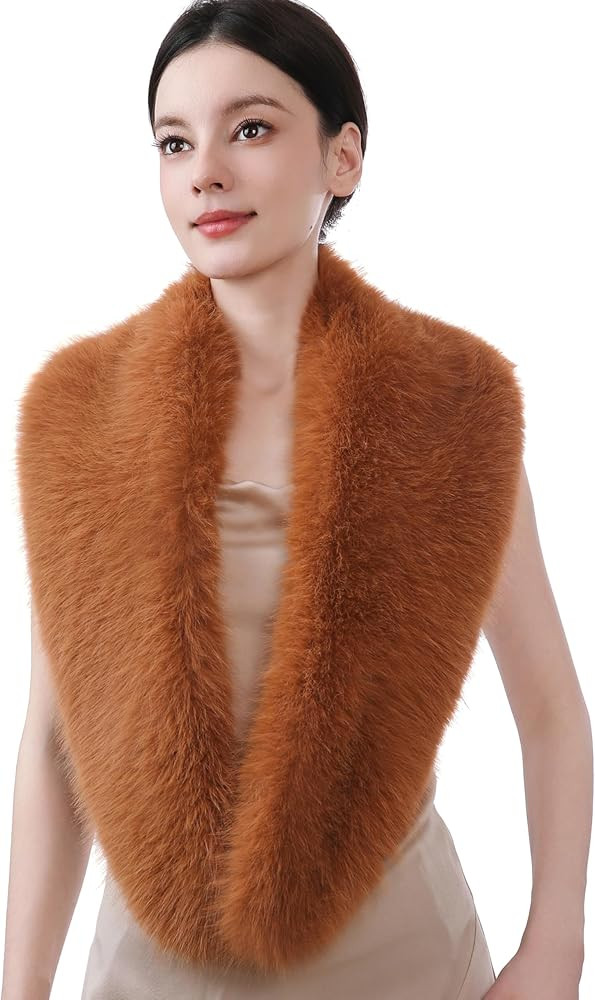 Dikoaina Women's Faux Fur Collar Scarf Wrap – Winter Warm Shawl Cape Elegant Neck Warmer for La... | Amazon (US)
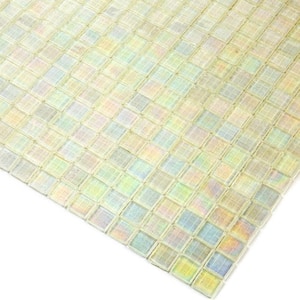 Skosh Glossy Rainbow White 11.6 in. x 11.6 in. Glass Mosaic Wall and Floor Tile (18.69 sq. ft./case) (20-pack)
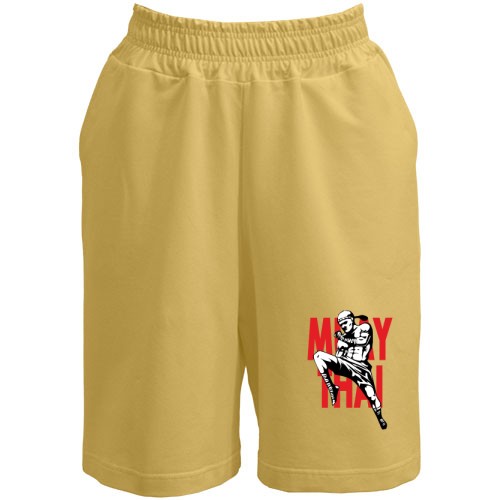 Мужские шорты с бойцом муай-тай и красной надписью «MUAY THAI»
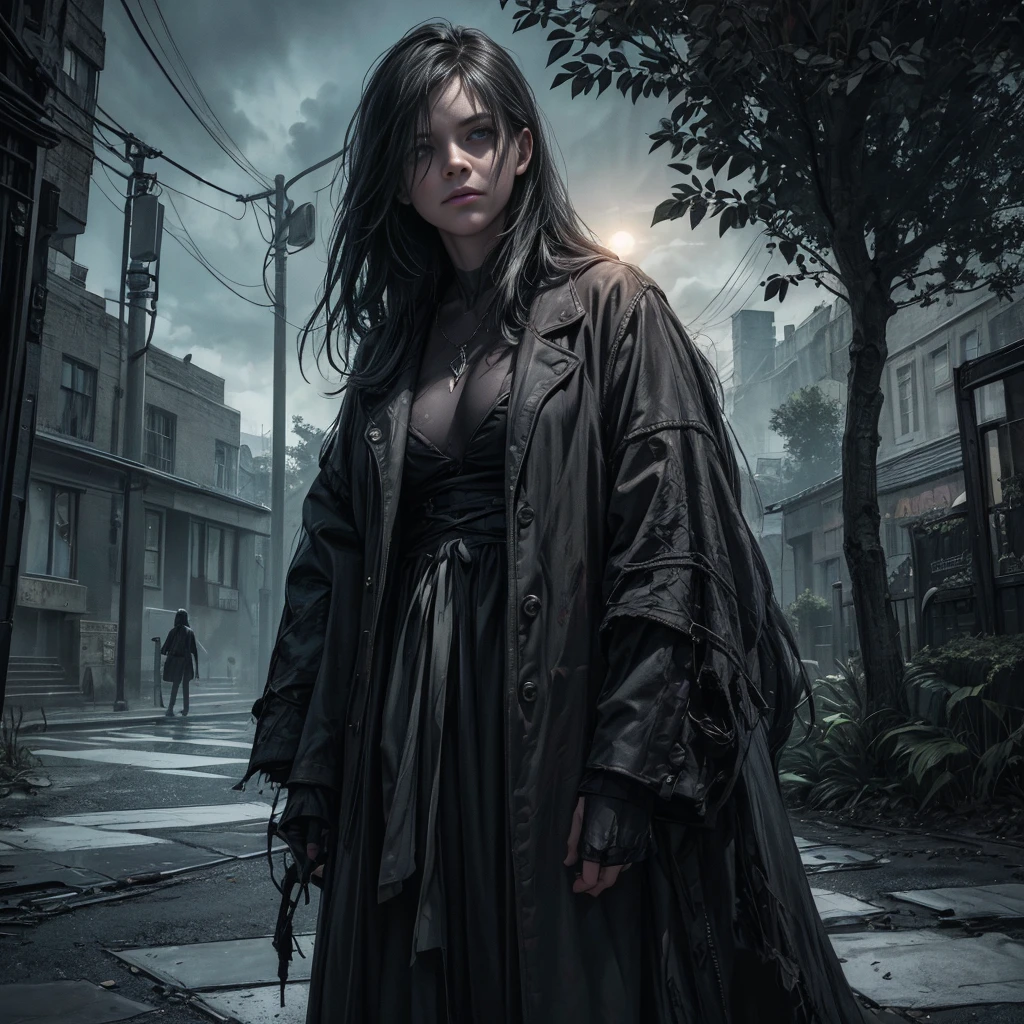 (best quality,4k,8k,highres,masterpiece:1.2),ultra-detailed,(realistic,photorealistic,photo-realistic:1.37),dark fantasy,street scene,unfamiliar environment,detailed buildings,ominous atmosphere,mysterious creatures,horrifying presence,unsettling,shadowy figures,intense darkness,young girl,long hair,innocent face,vulnerable position,hopeless situation,distressed expression,starry sky,dimly lit street lamps,dark colors,overgrown plants,quirky architecture,strange symbols,haunting shadows,abandoned feel,loneliness,magic in the air,creepy atmosphere,enchanted surroundings,gothic elements,otherworldly aura,dramatic composition,contrasting light and shadow,foreboding,uncertainty, bright weather, sunny day, brigth ambiences, light everywhere, nsfw, exposed woman, naked woman, nude
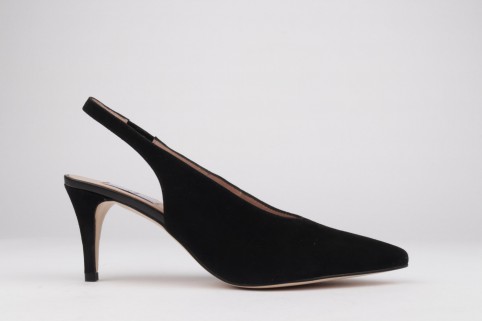 Black suede shoes MARIA undercut design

******************************

Directions>
What is needed is an exact copy of each line from the top of the data above through the line containing "Мужские шорты с", with no pictures.

Completed task>
 Dikoaina Women's Faux Fur Collar Scarf Wrap – Winter Warm Shawl Cape Elegant Neck Warmer for La... | Amazon (US)
 Skosh Glossy Rainbow White 11.6 in. x 11.6 in. Glass Mosaic Wall and Floor Tile (18.69 sq. ft./case) (20-pack)
 Мужские шорты с бойцом муай-тай и красной надписью «MUAY THAI»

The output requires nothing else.